Throughout 2020 there was a lot of uncertainty regarding returning to “normal” and children found themselves either adapting to learning at home, online learning and returning to the school environment with very different measures in place to ensure their safety. Children’s mental health has inevitably been affected by the covid-19 pandemic, but many of them have also been able to adapt to the “new normal”. Many parents and caregivers found that children displayed behaviours such as:

  • Increased levels of anxiety and clinginess (e.g. wanting to be with parents all the time)
  • Being worried and fearful of getting sick or someone they know falling ill
  • Overwhelming emotions such as anger and irritability (e.g. outbursts)
  • Changes in their sleeping and eating habits (e.g. not sleeping or eating well)
  • Feeling sad or lonely
  • Becoming withdrawn or quiet
  • Increased aggressiveness (e.g. fighting more with a sibling or other children)
  • Loss of interest in activities they used to enjoy doing
  • Regression in things they had achieved (e.g. being scared to sleep alone or wetting the bed)
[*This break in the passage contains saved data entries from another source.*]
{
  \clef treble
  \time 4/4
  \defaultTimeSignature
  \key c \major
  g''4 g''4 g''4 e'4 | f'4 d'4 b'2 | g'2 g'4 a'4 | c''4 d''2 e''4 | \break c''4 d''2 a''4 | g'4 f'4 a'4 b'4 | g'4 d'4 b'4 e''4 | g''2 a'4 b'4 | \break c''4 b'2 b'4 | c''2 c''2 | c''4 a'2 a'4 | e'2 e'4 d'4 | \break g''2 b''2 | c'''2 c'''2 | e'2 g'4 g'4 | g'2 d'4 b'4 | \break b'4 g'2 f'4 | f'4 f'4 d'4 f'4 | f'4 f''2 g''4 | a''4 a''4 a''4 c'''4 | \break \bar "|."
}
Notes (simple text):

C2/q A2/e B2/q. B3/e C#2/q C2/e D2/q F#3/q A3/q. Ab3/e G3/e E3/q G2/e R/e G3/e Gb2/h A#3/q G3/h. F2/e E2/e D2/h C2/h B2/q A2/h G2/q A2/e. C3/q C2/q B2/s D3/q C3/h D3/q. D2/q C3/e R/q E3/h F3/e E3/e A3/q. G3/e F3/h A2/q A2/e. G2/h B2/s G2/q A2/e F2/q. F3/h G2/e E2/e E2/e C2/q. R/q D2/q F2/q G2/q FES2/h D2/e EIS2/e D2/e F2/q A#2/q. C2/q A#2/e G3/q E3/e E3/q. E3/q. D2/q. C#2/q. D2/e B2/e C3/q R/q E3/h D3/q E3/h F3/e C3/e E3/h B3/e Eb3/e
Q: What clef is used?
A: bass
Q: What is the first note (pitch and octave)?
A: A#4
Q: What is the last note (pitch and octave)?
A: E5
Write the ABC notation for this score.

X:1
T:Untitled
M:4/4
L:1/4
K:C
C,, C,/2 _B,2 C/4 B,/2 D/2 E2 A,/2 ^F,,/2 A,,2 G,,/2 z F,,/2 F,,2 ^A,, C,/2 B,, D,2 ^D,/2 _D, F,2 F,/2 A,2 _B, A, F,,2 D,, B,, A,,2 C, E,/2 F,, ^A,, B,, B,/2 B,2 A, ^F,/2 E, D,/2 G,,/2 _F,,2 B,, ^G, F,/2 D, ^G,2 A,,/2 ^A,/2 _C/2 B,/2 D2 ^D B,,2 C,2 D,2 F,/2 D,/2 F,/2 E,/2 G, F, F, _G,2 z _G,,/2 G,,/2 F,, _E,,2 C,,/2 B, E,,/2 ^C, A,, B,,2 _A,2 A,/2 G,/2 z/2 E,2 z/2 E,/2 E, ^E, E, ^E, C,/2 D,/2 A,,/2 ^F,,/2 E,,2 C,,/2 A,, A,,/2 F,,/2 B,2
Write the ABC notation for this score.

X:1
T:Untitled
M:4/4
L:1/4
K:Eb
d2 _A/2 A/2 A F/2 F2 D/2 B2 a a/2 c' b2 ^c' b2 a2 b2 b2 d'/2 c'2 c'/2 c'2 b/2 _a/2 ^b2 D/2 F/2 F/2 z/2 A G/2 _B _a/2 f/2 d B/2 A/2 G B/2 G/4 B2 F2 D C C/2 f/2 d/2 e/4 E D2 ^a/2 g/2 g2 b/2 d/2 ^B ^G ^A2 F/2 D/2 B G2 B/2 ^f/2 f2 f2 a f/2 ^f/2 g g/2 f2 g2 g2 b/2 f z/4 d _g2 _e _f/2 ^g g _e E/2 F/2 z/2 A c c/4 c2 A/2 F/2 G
These are normal reactions to what can only be described as “abnormal circumstances” – our current generations have not been through a pandemic of this magnitude before. It has taken some time but slowly we have adjusted to a new way of life. It is however important to prioritise our mental health and that of the children in our care. We can do this by:

  • Speaking to them about covid-19 and how it makes them feel – get a sense of what they know and understand about it
  • Giving them context about how covid-19 affects children compared to adults (i.e. children seem to manage with it much better and get less ill than adults do)
  • Focusing on the positives – reassure them of all the measures which we take to keep safe and healthy
  • Empathising and validating their thoughts and feelings, even the ones which are difficult
  • Allowing them to ask questions and speak about loss, in the case of the loss of a loved one
  • Encouraging them to engage in activities they will enjoy – get them to be creative and have fun
  • Continuing with routine, structure, and consistency – this provides a sense of safety
  • Helping them stay in touch with grandparents, relatives and friends through virtual platforms

It is also as important for adults to take care of themselves and their mental health as children often pick up on their feelings of stress and anxiety. Adults need to ensure that they keep safe, that they stay in touch and connect with their support network, and they also do things which nurture their well-being. Even though it is now over a year since we experienced the first wave of covid-19 infections, it is just as important to take care of ourselves and our loved ones.